How I beat my own personal depression
posted November 3, 2009 - 10:24am
After I had given birth to my second child, going back to work didn't really seem like an option. I already had a three year old daughter, and putting two children in day care seemed like a financial impossibility on a teacher's salary. If my entire paycheck was going to pay for childcare, wouldn't it really be cheaper to not go back to work? My mother took care of the children while I finished out the school year, and then I prepared to stay at home full time. A noble goal, don't you think?
Flash forward two years. My daughter is now 5 and starting Kindergarten. My son is now 2. My car has been repossessed, and our finances are in the toilet. I have gone into a deep depression because I am trapped in the house until my husband gets home from work each day. I have almost no social life unless someone picks me up and drives me around like a child.
Depression can be like a deep, dark hole. Unfortunately, no one can show you the way out. The ladder is something you need to discover on your own, or you will never escape.
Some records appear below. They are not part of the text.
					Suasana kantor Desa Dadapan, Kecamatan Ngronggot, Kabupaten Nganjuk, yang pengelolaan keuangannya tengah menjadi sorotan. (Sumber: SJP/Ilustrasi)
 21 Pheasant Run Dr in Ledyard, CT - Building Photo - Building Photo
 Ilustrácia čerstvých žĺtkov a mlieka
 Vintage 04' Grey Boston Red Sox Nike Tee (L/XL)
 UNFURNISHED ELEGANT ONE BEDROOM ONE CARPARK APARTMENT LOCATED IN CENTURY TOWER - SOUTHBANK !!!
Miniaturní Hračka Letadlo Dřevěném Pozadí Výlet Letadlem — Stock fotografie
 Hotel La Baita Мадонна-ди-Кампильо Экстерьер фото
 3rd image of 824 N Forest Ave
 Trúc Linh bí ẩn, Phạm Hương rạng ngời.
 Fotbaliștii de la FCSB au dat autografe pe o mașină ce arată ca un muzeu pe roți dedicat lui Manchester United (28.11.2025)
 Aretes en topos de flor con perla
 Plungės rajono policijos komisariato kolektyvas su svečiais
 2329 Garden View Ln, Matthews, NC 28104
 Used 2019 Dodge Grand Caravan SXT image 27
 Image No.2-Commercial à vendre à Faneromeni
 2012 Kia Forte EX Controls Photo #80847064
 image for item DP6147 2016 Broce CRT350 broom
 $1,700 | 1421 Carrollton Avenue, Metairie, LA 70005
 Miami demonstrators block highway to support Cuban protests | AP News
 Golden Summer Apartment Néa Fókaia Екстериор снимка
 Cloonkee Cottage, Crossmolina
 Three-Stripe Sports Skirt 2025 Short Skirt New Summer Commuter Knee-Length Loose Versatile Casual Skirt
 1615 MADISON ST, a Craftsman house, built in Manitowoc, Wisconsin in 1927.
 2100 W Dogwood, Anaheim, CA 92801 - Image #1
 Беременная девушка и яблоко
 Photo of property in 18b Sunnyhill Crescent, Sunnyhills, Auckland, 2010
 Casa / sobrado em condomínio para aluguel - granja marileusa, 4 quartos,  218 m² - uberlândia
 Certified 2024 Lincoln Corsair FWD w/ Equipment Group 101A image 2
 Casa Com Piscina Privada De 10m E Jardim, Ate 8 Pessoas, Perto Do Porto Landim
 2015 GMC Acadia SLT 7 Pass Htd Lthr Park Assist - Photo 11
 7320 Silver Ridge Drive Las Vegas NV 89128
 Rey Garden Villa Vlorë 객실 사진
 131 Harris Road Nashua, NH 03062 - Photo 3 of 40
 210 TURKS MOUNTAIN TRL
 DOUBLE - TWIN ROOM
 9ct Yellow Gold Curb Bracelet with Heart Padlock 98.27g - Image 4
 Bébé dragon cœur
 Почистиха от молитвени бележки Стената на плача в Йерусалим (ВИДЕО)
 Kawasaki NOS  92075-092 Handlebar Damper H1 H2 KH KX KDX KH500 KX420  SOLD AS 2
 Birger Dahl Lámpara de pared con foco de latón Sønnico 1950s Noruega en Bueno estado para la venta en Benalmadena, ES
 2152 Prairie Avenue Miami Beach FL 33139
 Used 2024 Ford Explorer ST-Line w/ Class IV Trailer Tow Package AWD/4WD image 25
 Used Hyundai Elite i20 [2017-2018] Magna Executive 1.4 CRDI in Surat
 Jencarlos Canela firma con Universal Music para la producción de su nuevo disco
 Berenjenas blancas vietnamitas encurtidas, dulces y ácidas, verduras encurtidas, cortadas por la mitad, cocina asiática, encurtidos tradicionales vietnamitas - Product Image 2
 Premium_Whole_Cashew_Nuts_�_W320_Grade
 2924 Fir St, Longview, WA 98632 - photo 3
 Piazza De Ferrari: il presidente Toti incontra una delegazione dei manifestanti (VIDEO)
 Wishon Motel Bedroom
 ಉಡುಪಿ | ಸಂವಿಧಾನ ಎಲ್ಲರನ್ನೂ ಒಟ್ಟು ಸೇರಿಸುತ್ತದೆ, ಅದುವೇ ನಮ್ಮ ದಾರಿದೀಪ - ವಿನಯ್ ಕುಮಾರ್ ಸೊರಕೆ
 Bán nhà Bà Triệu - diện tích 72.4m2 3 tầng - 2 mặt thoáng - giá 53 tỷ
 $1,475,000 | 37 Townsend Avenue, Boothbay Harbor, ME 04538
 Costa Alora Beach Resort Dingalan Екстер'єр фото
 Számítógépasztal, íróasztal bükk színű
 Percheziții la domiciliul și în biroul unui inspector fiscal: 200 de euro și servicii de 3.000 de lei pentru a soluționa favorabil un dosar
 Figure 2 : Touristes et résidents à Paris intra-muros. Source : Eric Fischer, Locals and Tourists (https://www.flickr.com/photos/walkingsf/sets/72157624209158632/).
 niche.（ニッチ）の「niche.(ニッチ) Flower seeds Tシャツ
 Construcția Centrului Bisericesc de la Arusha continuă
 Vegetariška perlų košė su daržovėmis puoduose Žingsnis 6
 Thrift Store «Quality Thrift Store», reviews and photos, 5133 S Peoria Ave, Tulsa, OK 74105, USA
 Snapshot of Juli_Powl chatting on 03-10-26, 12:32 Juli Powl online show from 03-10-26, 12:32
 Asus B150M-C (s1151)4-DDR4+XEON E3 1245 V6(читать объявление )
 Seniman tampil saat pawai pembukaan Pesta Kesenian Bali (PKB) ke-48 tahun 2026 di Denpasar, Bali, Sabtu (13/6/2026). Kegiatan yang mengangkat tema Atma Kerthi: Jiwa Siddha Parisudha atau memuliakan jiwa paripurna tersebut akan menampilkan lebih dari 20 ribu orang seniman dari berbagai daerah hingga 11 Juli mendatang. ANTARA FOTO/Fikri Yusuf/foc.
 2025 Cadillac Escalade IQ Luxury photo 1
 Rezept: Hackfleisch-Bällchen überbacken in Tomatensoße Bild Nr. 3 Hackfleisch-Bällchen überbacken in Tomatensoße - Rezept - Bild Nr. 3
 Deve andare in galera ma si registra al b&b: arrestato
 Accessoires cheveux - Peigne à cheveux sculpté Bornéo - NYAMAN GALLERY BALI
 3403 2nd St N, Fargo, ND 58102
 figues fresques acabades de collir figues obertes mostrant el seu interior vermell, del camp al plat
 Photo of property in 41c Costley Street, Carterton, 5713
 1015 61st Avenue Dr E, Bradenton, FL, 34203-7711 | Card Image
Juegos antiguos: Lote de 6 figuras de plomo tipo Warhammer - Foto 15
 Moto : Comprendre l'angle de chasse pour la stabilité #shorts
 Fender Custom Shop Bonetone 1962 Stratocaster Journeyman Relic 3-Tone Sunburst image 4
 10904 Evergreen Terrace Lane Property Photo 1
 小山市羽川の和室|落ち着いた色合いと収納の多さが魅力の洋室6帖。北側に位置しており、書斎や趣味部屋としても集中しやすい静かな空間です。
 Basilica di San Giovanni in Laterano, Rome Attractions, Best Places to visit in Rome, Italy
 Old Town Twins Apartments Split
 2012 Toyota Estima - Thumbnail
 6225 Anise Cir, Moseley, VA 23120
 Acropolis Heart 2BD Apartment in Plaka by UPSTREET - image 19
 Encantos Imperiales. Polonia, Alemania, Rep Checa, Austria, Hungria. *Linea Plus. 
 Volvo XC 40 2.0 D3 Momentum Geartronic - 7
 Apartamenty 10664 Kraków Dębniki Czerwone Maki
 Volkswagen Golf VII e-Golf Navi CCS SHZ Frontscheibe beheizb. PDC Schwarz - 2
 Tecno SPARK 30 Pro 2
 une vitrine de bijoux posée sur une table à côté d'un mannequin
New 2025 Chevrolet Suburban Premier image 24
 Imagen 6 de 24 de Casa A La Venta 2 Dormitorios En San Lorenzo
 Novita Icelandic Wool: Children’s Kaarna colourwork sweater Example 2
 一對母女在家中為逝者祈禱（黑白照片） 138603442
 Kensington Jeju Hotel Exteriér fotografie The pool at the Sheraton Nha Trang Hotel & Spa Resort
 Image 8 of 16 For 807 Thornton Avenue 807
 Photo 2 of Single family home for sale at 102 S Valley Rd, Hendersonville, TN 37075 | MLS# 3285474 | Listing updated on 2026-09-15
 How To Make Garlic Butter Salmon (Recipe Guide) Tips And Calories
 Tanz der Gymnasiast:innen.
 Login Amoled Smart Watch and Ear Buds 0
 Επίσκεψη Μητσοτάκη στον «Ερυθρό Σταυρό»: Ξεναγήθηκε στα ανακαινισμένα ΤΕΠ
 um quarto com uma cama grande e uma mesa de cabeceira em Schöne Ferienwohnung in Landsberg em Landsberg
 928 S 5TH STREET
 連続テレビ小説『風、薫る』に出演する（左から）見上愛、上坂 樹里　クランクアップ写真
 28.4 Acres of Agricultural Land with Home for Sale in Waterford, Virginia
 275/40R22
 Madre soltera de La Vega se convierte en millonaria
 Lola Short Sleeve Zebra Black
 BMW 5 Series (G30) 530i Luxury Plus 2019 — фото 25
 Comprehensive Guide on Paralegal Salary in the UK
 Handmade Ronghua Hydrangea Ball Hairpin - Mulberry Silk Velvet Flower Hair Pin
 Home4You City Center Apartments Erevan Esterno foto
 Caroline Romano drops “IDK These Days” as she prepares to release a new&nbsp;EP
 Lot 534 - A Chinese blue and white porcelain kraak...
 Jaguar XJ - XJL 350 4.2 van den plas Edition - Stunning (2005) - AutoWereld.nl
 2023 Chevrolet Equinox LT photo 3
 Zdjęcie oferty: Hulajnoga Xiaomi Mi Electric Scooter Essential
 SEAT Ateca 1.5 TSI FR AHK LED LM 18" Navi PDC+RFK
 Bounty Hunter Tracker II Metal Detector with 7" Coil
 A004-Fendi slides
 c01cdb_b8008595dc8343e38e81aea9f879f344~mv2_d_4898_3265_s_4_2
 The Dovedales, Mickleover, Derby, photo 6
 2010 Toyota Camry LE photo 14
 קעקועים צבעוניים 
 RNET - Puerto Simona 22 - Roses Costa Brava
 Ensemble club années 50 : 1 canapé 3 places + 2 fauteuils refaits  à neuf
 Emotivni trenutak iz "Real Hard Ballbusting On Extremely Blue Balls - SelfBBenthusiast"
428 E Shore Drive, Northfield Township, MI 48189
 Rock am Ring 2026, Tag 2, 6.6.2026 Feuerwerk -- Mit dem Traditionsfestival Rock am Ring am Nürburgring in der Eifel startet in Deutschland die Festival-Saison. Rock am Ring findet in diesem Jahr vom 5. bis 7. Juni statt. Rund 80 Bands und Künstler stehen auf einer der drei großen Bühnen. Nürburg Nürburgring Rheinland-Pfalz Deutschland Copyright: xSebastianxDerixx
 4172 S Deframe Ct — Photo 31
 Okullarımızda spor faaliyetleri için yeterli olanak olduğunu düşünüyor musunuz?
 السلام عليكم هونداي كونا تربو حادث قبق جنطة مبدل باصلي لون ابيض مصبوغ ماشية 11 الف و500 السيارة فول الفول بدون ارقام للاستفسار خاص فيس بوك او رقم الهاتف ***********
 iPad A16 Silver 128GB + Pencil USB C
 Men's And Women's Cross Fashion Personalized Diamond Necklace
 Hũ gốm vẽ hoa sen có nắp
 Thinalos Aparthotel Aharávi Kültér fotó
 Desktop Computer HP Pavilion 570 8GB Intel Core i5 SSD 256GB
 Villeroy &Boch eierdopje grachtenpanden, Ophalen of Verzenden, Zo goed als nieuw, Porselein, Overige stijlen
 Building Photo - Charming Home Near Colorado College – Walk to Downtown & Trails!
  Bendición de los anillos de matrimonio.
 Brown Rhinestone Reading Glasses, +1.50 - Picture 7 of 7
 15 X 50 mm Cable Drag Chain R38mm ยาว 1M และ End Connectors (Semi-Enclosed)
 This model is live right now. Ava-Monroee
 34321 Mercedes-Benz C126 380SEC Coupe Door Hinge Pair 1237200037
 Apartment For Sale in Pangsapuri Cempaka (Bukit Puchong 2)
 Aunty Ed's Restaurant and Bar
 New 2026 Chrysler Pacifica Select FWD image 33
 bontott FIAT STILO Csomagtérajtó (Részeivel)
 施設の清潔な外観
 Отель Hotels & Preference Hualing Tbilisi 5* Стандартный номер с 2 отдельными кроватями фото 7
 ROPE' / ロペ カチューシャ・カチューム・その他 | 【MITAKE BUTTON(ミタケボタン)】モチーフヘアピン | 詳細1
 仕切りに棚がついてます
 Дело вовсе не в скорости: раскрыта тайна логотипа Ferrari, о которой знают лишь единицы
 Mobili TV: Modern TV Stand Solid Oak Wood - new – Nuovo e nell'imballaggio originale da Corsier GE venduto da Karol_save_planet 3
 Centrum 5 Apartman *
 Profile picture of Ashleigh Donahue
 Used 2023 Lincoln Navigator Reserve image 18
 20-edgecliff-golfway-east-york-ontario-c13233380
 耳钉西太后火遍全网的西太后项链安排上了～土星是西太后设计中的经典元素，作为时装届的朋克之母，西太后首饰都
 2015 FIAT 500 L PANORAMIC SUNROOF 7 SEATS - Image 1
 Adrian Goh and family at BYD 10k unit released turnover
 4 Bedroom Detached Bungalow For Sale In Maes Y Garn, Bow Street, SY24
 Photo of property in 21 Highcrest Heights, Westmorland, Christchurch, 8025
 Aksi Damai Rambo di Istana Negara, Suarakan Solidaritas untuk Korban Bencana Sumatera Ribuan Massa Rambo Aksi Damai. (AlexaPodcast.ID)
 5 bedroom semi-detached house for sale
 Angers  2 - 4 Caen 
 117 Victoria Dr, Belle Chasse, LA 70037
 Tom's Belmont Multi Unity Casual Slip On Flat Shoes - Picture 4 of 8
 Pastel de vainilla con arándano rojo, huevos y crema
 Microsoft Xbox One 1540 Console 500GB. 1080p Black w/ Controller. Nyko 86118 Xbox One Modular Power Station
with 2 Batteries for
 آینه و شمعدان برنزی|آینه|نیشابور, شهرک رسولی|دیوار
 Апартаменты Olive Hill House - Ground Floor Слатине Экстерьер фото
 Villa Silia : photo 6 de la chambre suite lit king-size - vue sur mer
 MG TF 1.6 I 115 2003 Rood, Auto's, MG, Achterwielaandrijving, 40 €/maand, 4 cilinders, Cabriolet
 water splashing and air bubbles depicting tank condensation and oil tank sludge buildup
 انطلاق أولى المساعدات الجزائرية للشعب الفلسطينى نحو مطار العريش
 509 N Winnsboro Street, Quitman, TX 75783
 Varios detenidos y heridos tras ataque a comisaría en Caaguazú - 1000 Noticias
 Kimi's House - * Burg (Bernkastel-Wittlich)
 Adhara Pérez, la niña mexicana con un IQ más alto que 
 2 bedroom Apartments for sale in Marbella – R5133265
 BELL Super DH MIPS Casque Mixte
I think I have finally found my ladder. Our finances are slowly starting to right themselves. Not having to pay insurance or put gas into a second car helps. I decided to use this time to figure out a new kind of me. To reinvent myself as a different person. A happier, more satisfied person. I am starting to wonder if I had only become a teacher because my mother was a teacher ,and it was just expected of me. I was told by friends and family that I was a great teacher, but I never felt particularly talented. I usually felt like an imposter, working much harder than everyone else just to be passable.
I started thinking back to when I was a child. I tried to remember what my dreams and talents were when I was in elementary school, before everyone starting thinking for me about the future. I remembered that I loved doing arts and crafts, and several teachers had told me that I had good writing skills.
The writing part is easy. I discovered this wonderful website, and have been plugging away every day hoping other people will enjoy what I have to say. The art concept was a little harder. There are so many forms of media out there, but I needed to find the one that fit.
The arts and crafts studio around the corner provided me with the answer. The building was close enough that I could walk there, and they didn't mind if I brought my son. They offered many forms of crafts for me to discover. I tried painting, paper crafts, mosaics, and sculpture before I found my true medium: jewelry design. Last week I worked my first show. I only sold three bracelets, but other vendors around me didn't do any business at all. I think I have finally found a version of me that I can live with.
My daughter started Daisy Scouts this week. I had to fill out a form giving family information. In the spot were it asks for “mothers occupation” I usually put Stay at Home Mom. This week, I shot for the stars. I wrote “jewelry designer” and felt a new pride sweep through me.